Historicamente, o símbolo da junção da foice e do martelo foi incorporado pelo governo bolchevique à bandeira da URSS após a Revolução Soviética de 1917, tornando-se um referencial para os partidos e organizações marxistas-leninistas mundo afora.

Como se percebe nas formulações artísticas de Niemeyer, a forma-concreto existe como expressão de um conteúdo-ideia que lhe dá valor e sentido. Uma dialética que une dimensões distintas, o real e o imaginado, o posto e o pressuposto, a matéria e o pensamento, numa reciprocidade que intercala níveis diferenciados de compreensão visual, estética e política.

A relação intermitente e mediada entre a consciência política de Niemeyer e seu gênio artístico se traduz de modo indissociável em suas obras. A expressão criativa e objetivada da arte humana numa perspectiva que ele concebia como autenticamente revolucionária e internacionalista é marca presente em praças, monumentos, prédios, ruas, cidades e nações em vários cantos do planeta.

A negação e a descontextualização do legado de Niemeyer, de modo a omitir sua existência, como fazem a direita e os revisionistas de ocasião a seu serviço, cegam o olhar dialético sobre o processo histórico de construção daqueles espaços urbanos de sociabilidade e de sua própria gênese civilizatória.

A justa homenagem que se faz a Niemeyer é um registro da potencialidade que possuem subjetividades revolucionárias de objetivar, na arte, o acúmulo cultural, material e imaterial do gênero humano com propósitos radicais, o que abre o horizonte da catarse.
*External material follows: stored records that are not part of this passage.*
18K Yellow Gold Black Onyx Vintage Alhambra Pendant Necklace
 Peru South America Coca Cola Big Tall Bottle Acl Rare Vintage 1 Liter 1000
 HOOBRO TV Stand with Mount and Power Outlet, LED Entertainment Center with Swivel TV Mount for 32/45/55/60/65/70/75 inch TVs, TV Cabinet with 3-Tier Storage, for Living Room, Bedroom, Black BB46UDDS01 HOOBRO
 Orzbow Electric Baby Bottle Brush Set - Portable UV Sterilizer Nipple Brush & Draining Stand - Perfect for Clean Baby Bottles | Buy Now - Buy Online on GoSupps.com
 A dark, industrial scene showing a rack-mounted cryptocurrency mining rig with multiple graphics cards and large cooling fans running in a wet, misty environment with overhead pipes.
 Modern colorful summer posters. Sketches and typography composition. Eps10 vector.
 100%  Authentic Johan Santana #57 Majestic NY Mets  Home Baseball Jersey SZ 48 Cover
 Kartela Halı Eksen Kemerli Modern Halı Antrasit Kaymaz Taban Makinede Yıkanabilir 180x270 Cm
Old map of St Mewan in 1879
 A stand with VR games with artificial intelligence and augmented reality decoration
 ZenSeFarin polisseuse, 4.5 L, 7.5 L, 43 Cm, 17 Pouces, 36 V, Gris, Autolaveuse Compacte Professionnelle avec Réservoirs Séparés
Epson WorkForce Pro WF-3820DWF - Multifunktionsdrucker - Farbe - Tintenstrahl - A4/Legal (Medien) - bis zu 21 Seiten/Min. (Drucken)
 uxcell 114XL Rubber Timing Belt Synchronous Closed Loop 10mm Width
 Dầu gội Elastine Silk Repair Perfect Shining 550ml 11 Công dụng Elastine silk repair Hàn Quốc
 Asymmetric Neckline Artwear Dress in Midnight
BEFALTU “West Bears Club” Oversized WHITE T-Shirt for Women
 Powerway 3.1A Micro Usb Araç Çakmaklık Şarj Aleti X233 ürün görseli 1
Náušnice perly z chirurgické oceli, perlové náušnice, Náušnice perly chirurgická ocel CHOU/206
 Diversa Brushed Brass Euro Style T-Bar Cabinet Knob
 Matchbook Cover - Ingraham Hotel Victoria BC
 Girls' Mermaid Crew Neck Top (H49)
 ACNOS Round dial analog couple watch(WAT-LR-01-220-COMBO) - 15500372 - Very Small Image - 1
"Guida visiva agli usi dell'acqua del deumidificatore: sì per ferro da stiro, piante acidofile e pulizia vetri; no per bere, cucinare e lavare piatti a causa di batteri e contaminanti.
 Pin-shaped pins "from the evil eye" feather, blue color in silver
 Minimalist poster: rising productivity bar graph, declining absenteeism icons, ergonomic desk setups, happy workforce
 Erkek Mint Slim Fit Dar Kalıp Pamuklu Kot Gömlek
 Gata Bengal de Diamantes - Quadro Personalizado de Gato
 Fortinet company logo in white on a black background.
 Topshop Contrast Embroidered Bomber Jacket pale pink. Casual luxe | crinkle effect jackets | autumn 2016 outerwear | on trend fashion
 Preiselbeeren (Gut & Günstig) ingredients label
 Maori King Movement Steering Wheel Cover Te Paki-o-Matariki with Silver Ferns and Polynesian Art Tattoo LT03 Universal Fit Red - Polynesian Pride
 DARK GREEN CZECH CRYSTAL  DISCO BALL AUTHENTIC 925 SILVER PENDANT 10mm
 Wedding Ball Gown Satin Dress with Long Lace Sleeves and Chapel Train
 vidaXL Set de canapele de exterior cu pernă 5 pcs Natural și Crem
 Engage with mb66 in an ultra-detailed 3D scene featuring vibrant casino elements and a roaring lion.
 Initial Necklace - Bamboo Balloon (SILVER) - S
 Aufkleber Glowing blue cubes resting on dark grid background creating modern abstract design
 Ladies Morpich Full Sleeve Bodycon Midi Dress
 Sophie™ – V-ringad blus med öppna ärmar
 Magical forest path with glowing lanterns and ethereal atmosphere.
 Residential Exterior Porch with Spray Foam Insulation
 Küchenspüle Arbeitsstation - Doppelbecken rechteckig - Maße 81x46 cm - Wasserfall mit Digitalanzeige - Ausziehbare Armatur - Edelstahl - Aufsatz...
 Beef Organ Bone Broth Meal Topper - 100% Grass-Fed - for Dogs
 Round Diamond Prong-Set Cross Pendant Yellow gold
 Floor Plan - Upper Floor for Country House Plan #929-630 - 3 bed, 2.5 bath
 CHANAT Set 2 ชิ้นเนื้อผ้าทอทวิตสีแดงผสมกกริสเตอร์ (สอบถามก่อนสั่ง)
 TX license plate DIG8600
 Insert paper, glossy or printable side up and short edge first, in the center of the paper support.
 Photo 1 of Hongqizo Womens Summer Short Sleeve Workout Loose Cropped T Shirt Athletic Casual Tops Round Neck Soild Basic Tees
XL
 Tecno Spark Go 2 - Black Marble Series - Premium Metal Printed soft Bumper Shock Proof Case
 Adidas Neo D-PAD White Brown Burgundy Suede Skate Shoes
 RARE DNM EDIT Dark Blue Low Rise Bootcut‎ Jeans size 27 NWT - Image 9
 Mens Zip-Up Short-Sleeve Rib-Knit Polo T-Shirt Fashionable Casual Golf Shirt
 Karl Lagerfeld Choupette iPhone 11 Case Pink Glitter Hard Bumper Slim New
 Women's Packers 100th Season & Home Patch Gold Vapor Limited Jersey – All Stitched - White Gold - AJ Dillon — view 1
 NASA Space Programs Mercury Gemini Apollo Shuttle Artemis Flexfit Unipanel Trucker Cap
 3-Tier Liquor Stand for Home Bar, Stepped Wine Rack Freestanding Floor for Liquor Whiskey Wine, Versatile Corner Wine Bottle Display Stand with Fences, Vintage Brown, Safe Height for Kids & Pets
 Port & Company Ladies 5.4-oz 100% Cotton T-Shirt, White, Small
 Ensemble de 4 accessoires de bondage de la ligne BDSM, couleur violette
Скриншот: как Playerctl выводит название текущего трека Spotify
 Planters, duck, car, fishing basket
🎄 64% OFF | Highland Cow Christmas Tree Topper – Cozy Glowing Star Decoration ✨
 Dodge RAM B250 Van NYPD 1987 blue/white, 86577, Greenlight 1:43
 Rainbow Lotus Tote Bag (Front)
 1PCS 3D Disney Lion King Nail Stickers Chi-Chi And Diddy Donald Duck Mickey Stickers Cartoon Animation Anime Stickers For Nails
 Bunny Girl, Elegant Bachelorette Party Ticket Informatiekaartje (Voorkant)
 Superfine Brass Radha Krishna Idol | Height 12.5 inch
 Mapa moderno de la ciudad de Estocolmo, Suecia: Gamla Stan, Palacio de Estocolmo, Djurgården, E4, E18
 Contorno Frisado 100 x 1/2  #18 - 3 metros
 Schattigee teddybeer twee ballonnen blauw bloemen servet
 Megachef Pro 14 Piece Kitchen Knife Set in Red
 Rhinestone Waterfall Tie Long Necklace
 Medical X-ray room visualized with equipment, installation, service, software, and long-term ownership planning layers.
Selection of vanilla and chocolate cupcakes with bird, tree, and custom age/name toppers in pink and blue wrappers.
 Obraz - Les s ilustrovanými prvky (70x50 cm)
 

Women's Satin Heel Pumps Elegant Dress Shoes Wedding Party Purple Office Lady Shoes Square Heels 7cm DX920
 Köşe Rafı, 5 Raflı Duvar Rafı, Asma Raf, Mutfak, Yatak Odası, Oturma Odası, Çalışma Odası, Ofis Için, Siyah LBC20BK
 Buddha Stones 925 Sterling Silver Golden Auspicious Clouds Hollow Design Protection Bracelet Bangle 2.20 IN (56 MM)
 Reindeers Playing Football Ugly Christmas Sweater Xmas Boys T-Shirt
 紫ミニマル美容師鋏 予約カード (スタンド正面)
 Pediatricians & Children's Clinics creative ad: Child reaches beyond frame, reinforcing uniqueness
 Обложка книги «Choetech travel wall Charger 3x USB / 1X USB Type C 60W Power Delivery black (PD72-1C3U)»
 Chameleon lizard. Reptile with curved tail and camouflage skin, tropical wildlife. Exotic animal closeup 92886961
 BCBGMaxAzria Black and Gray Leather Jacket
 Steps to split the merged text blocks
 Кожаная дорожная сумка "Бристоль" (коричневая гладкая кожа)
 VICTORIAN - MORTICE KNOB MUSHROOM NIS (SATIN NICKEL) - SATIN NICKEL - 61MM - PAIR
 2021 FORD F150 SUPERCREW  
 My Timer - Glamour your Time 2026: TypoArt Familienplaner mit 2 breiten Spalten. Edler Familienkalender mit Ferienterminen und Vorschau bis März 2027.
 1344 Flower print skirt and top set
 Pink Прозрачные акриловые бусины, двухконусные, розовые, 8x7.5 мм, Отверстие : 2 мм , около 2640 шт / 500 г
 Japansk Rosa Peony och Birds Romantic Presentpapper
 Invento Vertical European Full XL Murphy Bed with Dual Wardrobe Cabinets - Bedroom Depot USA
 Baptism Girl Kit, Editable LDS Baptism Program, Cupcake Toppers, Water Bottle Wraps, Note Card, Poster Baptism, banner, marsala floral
É preciso, claro, estudar as contribuições de Niemeyer e localizá-lo como um militante político e artista repleto de contradições, erros e acertos. Ignorar casuisticamente sua vida, sua morte e suas obras, contudo, significaria infirmar as possibilidades criativas do gênero humano e sua capacidade de pensar e responder suas necessidades históricas de modo concreto – e com concreto.